Curve Fitter 2

Stage: 5 Challenge Level: Challenge Level:2 Challenge Level:2

Part 1:
$y=f(x)-a$
This transformation shifts the function along the y axis by -a, it will therefore leave the distance between the turning points unchanged.

$y=af(x)$
This transformation will stretch all the y values of the function by a scale factor of a. The x values of the turning points are hence unchanged but the y values are not, this will therefore change the distance between the turning points.

$y = f(ax)$
This transforamtion will stretch all the x values of the function by $\frac{1}{a}$. This will therefore change the distance between the turning points of f(x).

$y=f(x-a)$
This transformation will shift the function along the x axis by a but will leave the distance between the turning points unchanged.

Part 2:

If we Select a simple cubic of the form y = $Ax^3 + Bx^2$ then one turning point will be at the origin.

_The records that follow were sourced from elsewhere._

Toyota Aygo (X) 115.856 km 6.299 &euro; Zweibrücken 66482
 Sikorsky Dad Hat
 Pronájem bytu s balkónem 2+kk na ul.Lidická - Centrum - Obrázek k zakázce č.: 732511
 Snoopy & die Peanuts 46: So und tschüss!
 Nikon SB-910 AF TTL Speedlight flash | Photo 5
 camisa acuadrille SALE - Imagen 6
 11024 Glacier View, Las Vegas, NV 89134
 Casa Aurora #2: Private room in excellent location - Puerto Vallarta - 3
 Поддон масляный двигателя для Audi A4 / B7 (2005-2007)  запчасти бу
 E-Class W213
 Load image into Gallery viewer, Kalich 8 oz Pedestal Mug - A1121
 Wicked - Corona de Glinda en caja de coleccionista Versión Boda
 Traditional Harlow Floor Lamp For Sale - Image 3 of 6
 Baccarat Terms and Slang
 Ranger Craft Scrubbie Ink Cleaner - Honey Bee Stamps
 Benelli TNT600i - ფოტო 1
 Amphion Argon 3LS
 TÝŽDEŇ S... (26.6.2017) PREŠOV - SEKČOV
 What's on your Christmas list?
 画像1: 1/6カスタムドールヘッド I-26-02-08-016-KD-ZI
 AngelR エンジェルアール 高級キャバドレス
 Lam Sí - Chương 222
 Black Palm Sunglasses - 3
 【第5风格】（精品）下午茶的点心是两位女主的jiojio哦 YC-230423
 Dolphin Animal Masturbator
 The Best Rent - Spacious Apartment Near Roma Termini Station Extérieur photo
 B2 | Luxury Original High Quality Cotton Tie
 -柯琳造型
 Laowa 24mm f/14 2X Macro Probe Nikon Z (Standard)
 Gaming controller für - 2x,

$\frac{dy}{dx} = 3Ax^2 + 2Bx = x(3Ax + 2B) = 0$ at x = 0 and x = $\frac{-2B}{3A}$

therefore the turning points are $(0,0)$ and $(\frac{-2B}{3A},\frac{4B^3}{27A^2})$

$D^2 = \frac{4B^2}{9A^2}(1 + \frac{4B^4}{81A^2})$

If we let A = $\frac{1}{3}$ then $\frac{4B^2}{9A^2} (1 + \frac{4B^4}{81A^2}) = 4B^2 (1 + \frac{4B^4}{9})$

We now need $\frac{4B^4}{9}$= integer

B can therefore be any integer multiple of $\frac{\sqrt{3}}{\sqrt{2}}$or $\sqrt3$